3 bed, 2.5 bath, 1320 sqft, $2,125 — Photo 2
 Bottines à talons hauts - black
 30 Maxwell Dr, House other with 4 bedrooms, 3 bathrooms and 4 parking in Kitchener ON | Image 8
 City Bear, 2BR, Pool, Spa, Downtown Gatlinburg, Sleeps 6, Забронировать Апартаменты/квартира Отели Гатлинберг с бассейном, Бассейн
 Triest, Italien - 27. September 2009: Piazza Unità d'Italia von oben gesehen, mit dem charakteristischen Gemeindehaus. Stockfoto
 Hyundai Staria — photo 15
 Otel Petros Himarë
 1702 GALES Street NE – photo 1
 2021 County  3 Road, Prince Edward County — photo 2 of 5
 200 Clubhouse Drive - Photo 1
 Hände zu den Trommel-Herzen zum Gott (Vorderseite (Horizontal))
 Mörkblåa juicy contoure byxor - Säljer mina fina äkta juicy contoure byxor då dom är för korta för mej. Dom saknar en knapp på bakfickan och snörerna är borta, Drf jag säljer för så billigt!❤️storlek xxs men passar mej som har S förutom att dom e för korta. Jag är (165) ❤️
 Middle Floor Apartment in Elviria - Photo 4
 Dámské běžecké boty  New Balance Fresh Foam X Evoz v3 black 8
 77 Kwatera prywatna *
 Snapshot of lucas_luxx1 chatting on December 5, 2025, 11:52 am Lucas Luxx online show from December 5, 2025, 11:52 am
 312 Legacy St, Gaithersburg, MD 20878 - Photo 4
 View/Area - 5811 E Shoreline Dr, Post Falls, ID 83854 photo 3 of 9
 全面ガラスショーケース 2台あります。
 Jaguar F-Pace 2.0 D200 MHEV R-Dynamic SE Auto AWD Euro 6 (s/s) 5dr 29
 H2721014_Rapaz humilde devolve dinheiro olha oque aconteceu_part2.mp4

§ **EXERCISE OBJECTIVE**:
Search the records for lines holding the word "black", then copy each line you find.

§ **RESULT**:
 Bottines à talons hauts - black
 Dámské běžecké boty  New Balance Fresh Foam X Evoz v3 black 8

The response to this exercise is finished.